#### Material provided ####

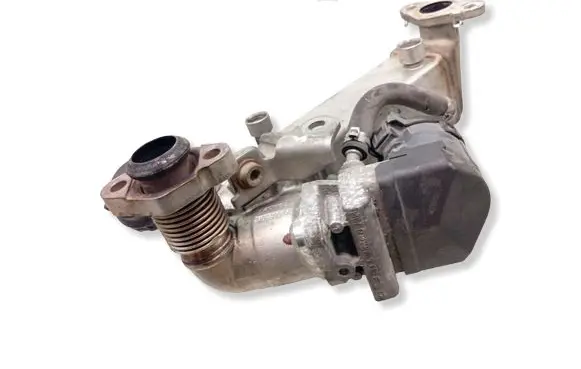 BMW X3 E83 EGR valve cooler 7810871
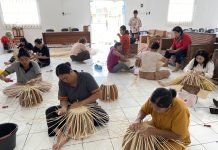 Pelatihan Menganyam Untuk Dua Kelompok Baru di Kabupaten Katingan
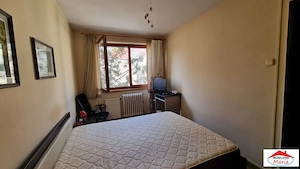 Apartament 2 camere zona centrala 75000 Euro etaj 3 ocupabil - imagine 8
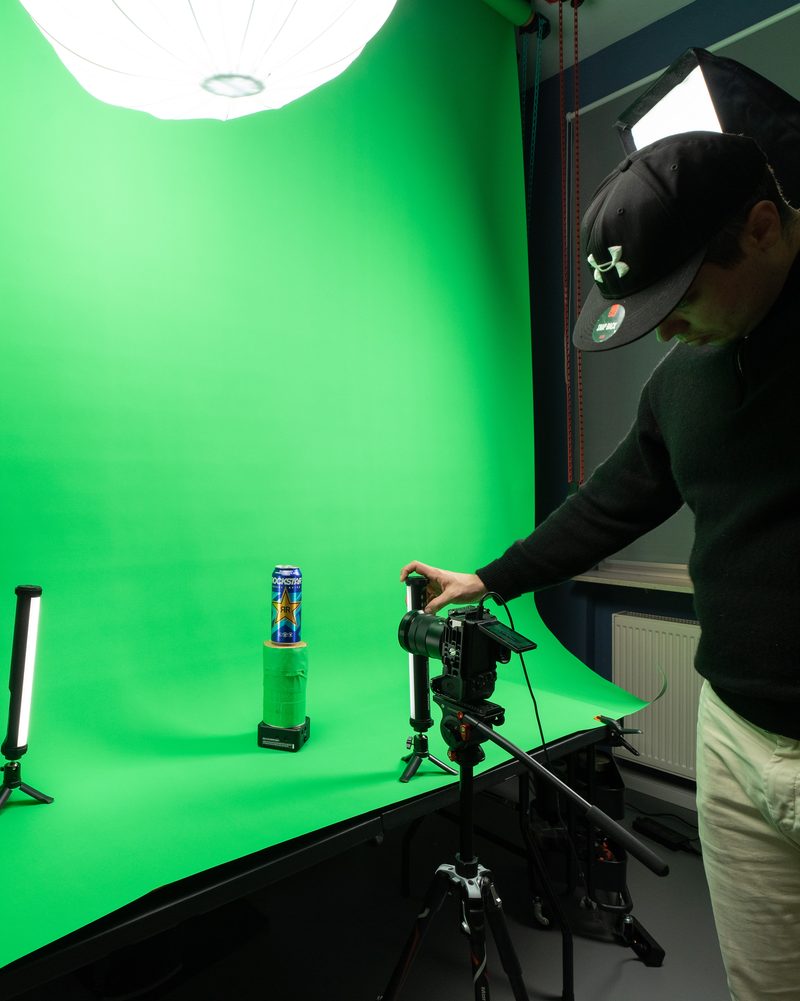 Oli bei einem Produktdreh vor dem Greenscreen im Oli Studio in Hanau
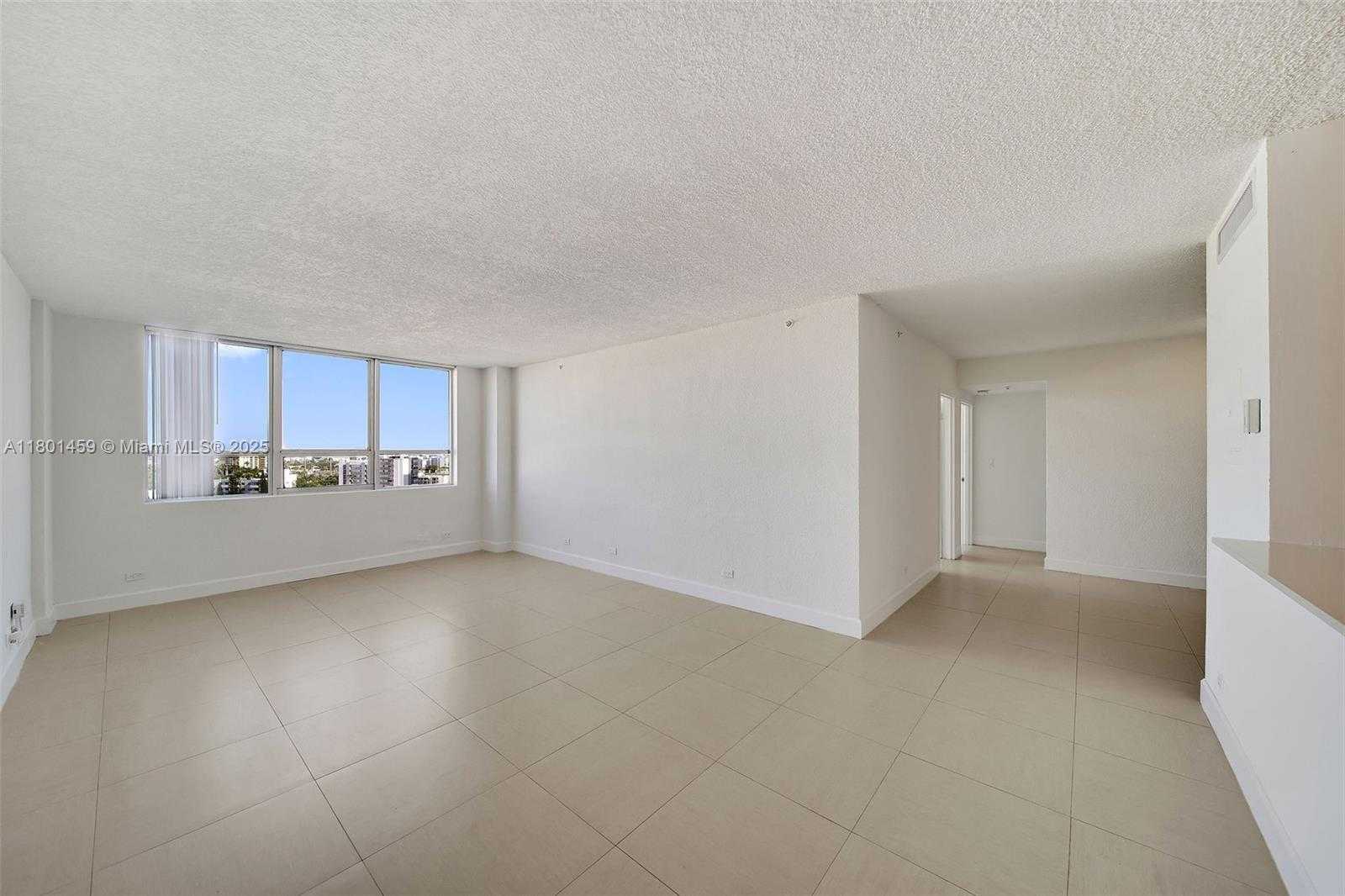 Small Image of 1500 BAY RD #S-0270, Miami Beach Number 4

####

## Task requirements
Pictures stay out. Return exactly the lines from the one with "Pelatihan Menganyam Untuk" through the last line of the data.

## Task result
 Pelatihan Menganyam Untuk Dua Kelompok Baru di Kabupaten Katingan
 Apartament 2 camere zona centrala 75000 Euro etaj 3 ocupabil - imagine 8
 Oli bei einem Produktdreh vor dem Greenscreen im Oli Studio in Hanau
 Small Image of 1500 BAY RD #S-0270, Miami Beach Number 4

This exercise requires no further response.